Directions for this task:
Wherever pictures appear in the listing below, leave them out, and copy exactly, and only, everything from the line with "image de Clavier" down to the line with "adidas Originals - Trefoil".

Extracted records:
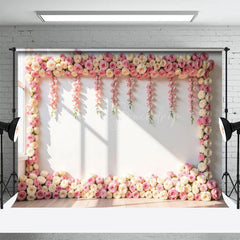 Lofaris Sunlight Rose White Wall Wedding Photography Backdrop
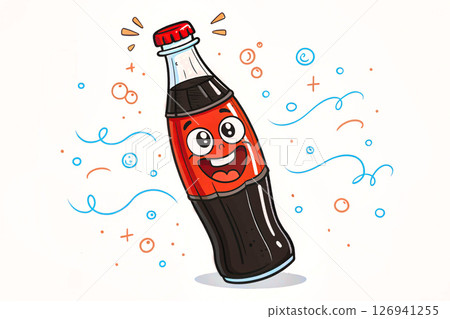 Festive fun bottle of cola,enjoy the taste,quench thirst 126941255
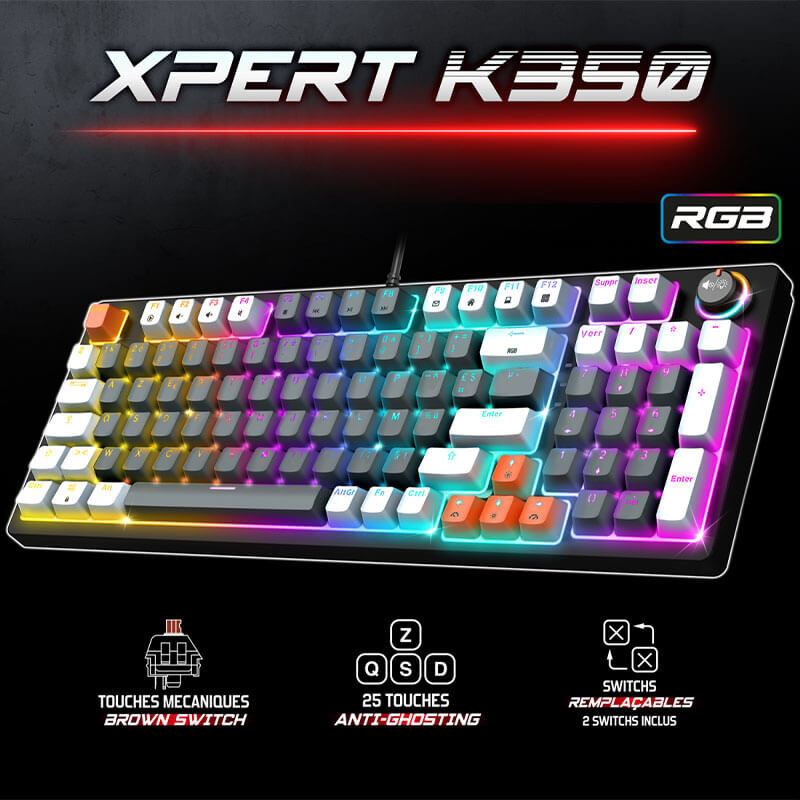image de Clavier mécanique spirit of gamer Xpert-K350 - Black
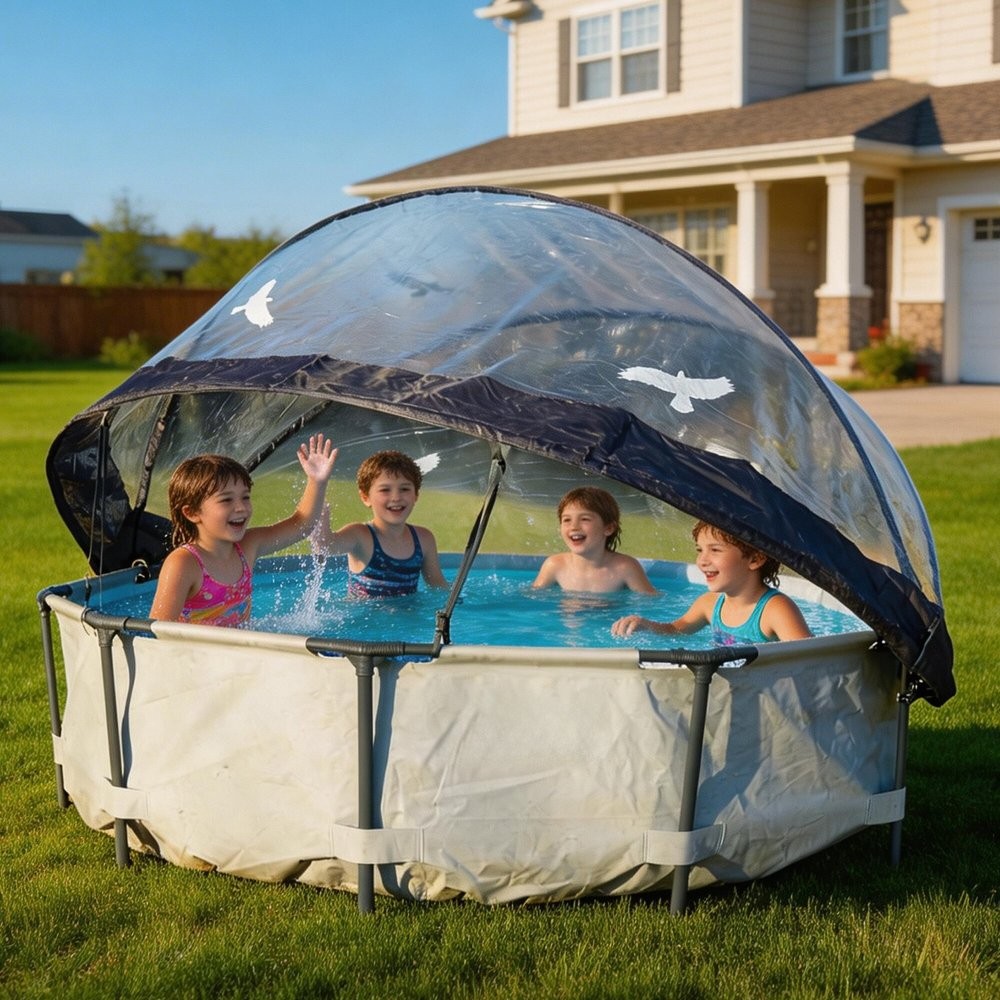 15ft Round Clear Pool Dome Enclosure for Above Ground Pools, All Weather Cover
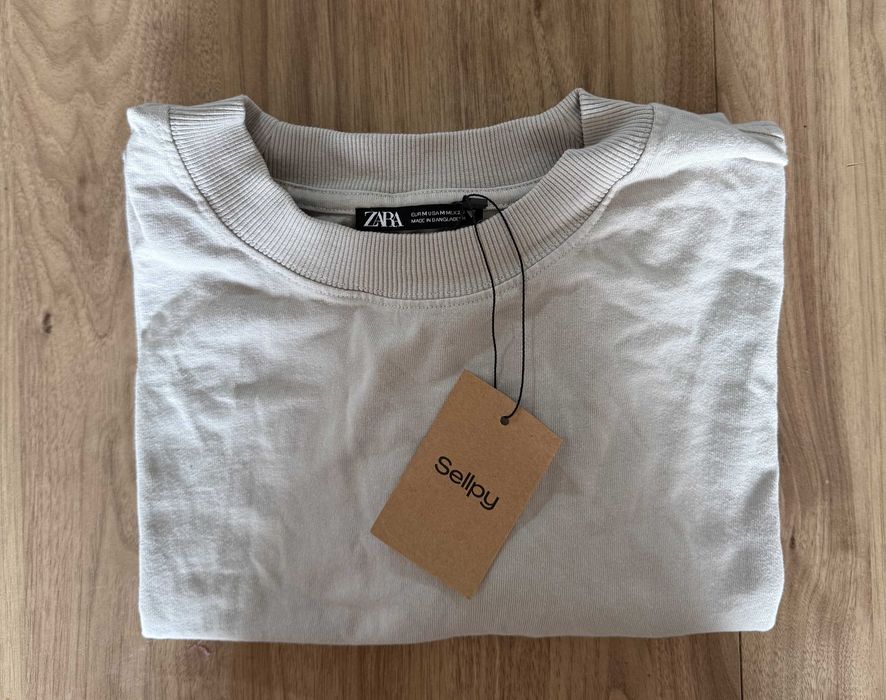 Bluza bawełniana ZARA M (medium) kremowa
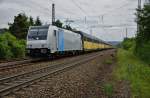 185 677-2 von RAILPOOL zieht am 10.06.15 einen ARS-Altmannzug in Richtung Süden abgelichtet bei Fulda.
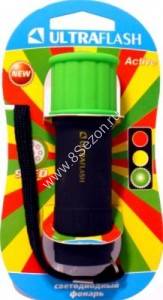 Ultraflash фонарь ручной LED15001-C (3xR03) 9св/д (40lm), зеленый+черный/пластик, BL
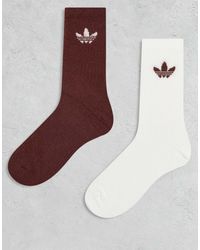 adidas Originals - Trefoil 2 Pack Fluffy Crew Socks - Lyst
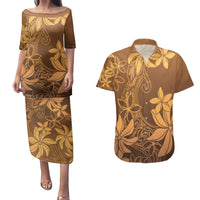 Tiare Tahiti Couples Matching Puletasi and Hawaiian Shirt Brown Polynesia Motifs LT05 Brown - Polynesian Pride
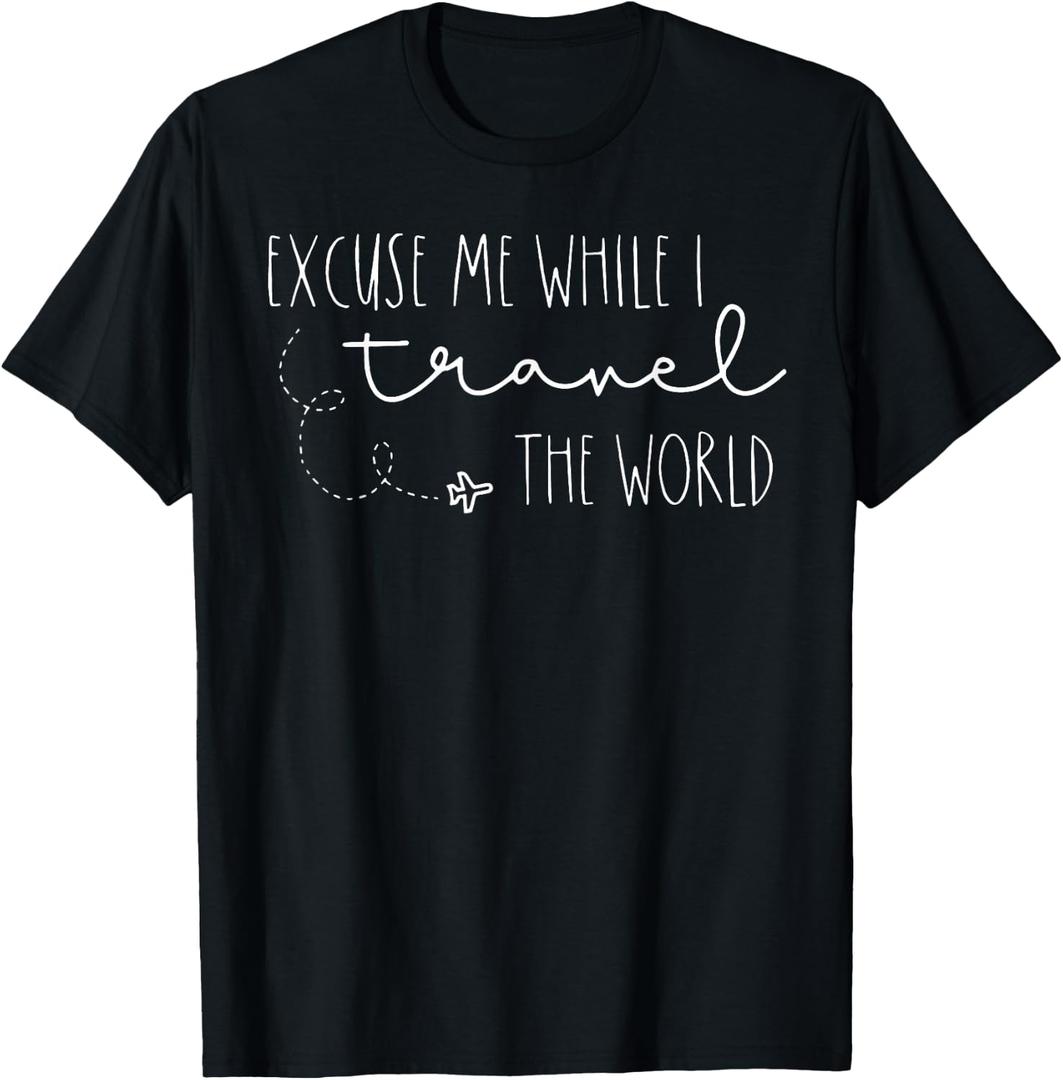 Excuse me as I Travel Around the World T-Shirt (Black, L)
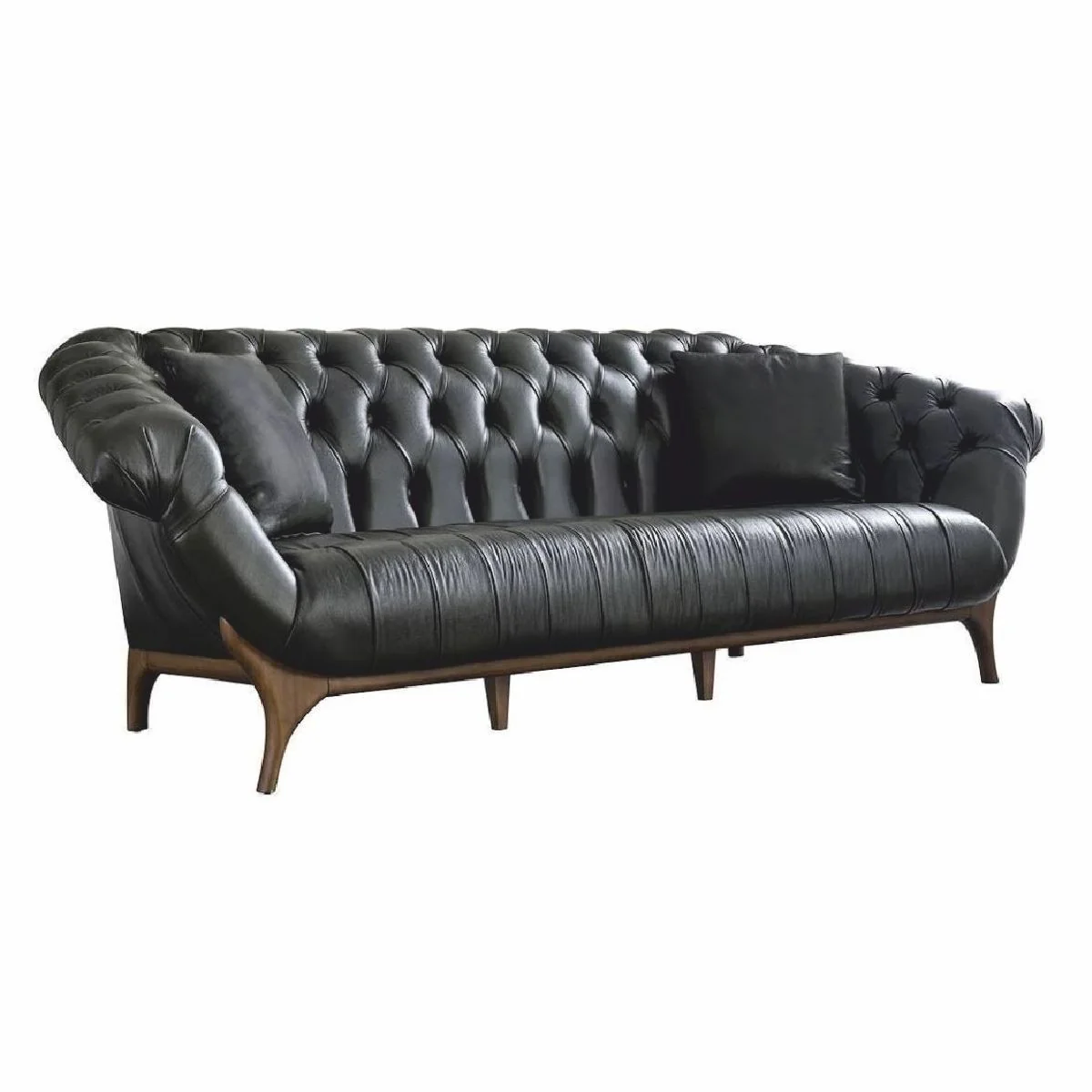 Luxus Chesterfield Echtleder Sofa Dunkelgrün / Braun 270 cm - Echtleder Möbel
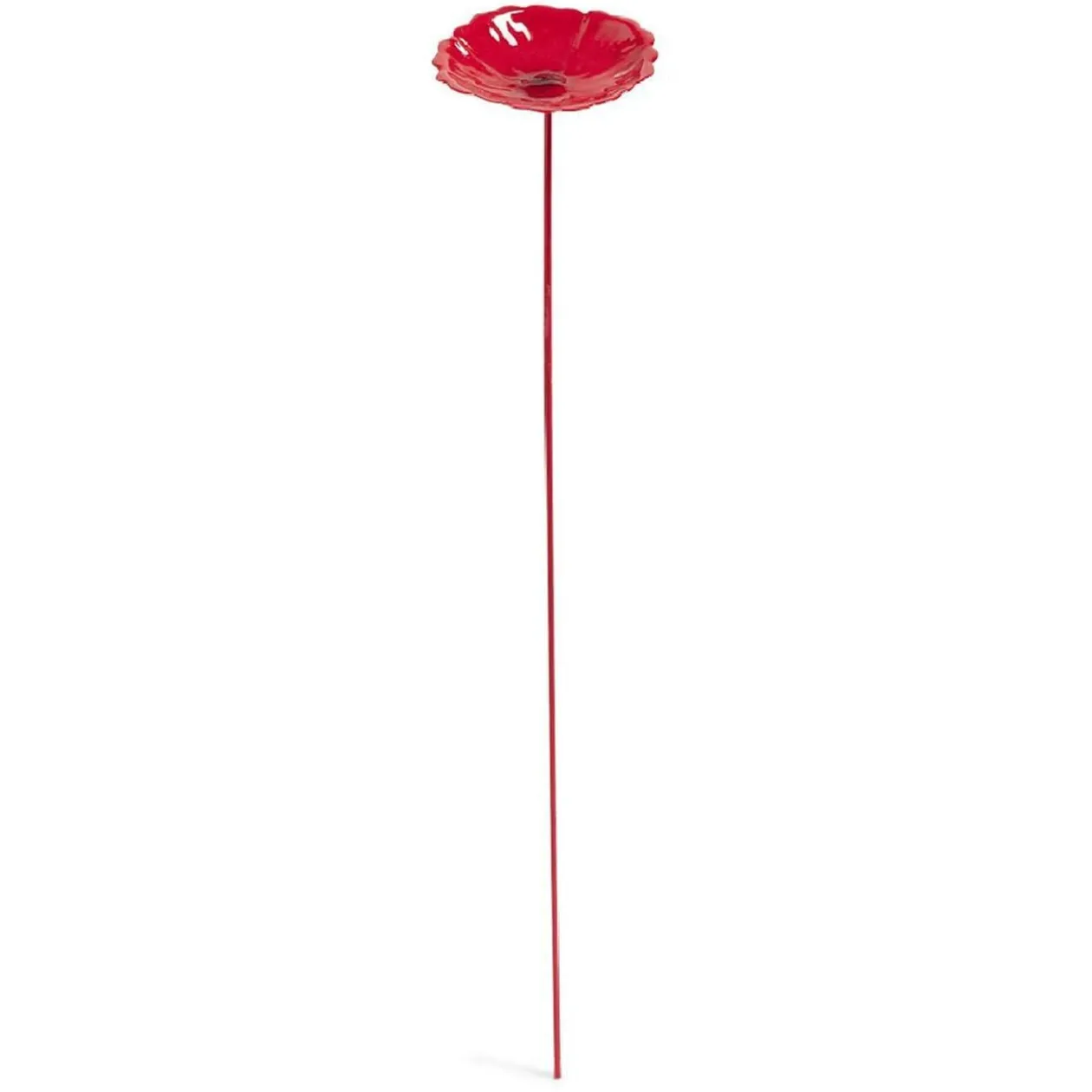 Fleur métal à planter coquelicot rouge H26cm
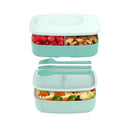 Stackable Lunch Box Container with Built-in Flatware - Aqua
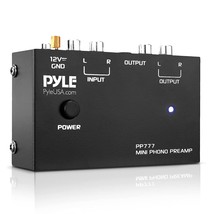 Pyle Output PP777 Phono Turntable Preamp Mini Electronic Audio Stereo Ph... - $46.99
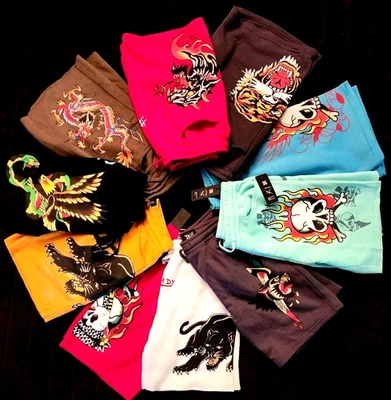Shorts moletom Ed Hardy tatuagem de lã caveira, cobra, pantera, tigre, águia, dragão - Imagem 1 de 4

Expected output:
image de Clavier mécanique spirit of gamer Xpert-K350 - Black
 15ft Round Clear Pool Dome Enclosure for Above Ground Pools, All Weather Cover
 Bluza bawełniana ZARA M (medium) kremowa
 185 677-2 von RAILPOOL zieht am 10.06.15 einen ARS-Altmannzug in Richtung Süden abgelichtet bei Fulda.
 Ultraflash фонарь ручной LED15001-C (3xR03) 9св/д (40lm), зеленый+черный/пластик, BL
 adidas Originals - Trefoil 2 Pack Fluffy Crew Socks - Lyst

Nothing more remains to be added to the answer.